The CMATS Treaty, signed on 12 January 2006 in Sydney, is a further interim agreement that is without prejudice to the position of either country on their maritime boundary claims. The Treaty reflects the agreed creative solution between East Timor and Australia. The principal aim of the creative solution is to allow the exploitation of the Greater Sunrise gas reservoirs to proceed while suspending maritime boundary claims for a significant period and maintaining the current treaty arrangements in place. The JPDA is not affected by this Treaty and the IUA will be brought into force concurrently with the CMATS Treaty.
As part of the solution found through the CMATS Treaty, although the formal apportionment of Greater Sunrise under the IUA remains the same, Australia has agreed to share equally (50:50) the upstream revenues from the resource. Once the Greater Sunrise project proceeds, it could result in transfers of revenue to East Timor of as much as US$4 billion over the life of the project, increasing its share of the resource to around US$10 billion. The exact benefit to East Timor and Australia will depend on the economics of the project. Exploitation of the Greater Sunrise reservoirs, and the additional revenue provided under this Treaty, will assist in securing East Timor's development and economic stability. The revenue would be paid to East Timor's Petroleum Fund, the balance of which is already around $330 million derived from the 90% share of production East Timor receives from the JPDA.
Both Australia and East Timor will be bound by the Treaty to refrain from asserting or pursuing their claims to rights, jurisdiction or maritime boundaries, in relation to the other, for 50 years. The two countries undertake to not commence any dispute settlement proceedings against the other that would raise the delimitation of maritime boundaries in the Timor Sea. Consistent with the CMATS Treaty and associated side-letters, Australia will be able to continue regulating and authorising petroleum activities outside of the JPDA and south of the 1972 Australia-Indonesia seabed boundary.

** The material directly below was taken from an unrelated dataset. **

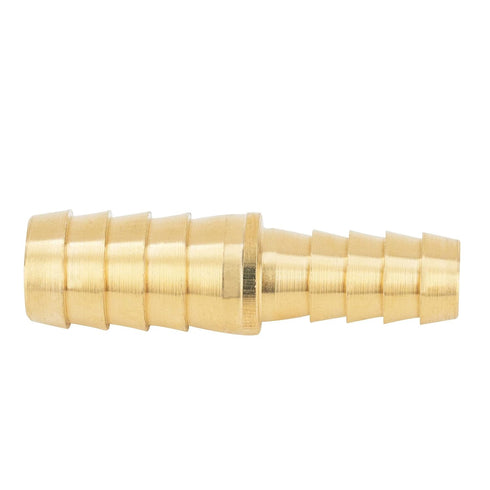 Metalwork Brass Barb Fitting, 1/4" Barbed x 3/16" Reducing Splicer Mender, Hose Adapter Joiner Connector (Pack of 2)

Other initiatives established by the CMATS Treaty include: an independent assessment process at the request of either Party to review the reconciliation of the revenue sharing; East Timor being able to exercise water-column (fisheries) jurisdiction within the JPDA; and the establishment of a Maritime Commission to constitute a focal point for bilateral consultations on maritime matters of interest to the Parties, including on maritime security, the protection of the marine environment and management of natural resources.
The CMATS Treaty will be subject to the usual Parliamentary scrutiny processes in Australia before entry into force.
Australia's role in East Timor's transition to independence was crucial, including bringing together and leading the international coalition, INTERFET, that ended the violence and restored security in late 1999. Australia has been a lead contributor of civilian advisers and military and police personnel to successive United Nations missions in East Timor. Since 1999 we have provided over $400 million worth of overseas development assistance. East Timor will remain one of Australia's largest development cooperation partners, and we are committed to providing around A$40 million in development assistance to East Timor over the next three years.